Obviously if it does fix it, then that doesn't solve your problem. The only fixes in that case that I know of are to alter the file (put something in the first 10 rows that forces it to use the correct datatype). Sorry I can't offer a better solution, but hopefully at least I am helping you figure out what's causing your issue.

Chris Shaffer
Indeed it makes a difference, as it happened the data prior to 23rd Jan used one format and the data afterwards another. Changing the order of the data still caused an error at the point the data switched over (but with the switch in the other direction).
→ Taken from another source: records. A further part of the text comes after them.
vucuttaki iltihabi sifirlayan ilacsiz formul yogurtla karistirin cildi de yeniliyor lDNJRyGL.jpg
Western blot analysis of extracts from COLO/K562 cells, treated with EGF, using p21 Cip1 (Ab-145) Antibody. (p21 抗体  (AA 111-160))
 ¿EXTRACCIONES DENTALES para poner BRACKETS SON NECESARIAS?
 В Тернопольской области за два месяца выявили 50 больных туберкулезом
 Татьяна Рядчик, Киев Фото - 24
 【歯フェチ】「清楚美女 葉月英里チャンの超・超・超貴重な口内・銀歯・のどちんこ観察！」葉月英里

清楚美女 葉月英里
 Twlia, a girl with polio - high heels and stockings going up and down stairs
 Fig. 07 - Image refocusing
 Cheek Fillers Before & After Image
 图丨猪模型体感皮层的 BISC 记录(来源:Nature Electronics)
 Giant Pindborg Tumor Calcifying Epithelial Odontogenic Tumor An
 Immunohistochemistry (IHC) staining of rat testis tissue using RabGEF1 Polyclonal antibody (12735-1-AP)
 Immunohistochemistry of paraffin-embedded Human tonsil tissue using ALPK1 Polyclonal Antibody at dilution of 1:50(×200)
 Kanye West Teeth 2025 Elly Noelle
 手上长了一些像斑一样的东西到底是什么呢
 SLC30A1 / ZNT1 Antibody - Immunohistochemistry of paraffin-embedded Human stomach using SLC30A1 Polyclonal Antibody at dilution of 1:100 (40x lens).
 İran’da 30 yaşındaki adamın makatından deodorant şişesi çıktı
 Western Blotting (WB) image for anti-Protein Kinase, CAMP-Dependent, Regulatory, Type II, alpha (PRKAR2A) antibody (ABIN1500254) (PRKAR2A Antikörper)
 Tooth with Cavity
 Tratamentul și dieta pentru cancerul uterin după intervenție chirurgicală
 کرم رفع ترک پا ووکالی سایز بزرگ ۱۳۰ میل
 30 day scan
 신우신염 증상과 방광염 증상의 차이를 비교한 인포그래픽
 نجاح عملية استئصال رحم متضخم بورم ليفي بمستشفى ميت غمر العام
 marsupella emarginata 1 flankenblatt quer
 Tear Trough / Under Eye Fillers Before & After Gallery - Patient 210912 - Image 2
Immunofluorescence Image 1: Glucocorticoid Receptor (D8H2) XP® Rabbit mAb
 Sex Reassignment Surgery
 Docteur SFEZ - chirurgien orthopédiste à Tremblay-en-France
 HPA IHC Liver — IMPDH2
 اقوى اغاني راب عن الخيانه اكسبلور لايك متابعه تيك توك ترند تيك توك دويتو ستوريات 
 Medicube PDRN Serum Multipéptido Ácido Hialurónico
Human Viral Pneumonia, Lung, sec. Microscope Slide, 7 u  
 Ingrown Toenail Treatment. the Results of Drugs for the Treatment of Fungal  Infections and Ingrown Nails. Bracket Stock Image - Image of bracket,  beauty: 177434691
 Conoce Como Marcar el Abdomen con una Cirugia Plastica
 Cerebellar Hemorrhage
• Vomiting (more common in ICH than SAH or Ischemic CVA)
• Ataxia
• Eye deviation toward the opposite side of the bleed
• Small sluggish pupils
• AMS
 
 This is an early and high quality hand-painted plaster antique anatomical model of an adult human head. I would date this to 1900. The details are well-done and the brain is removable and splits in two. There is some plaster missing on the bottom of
I may need to use CSV instead...
Ray Hayes
If altering the original file IS an option, you could put an obvious string value in the column (near the top), thus forcing the column to parse as string. Then convert to DateTime yourself in the code. Not the best option, but it works...
Chris Shaffer
No, not an option. I'm trying to create a reporting system to be used by non-technical people and they'll get it wrong. I switched to parsing as Csv (automating Excel for the conversion) and can, as you say, parse the text directly.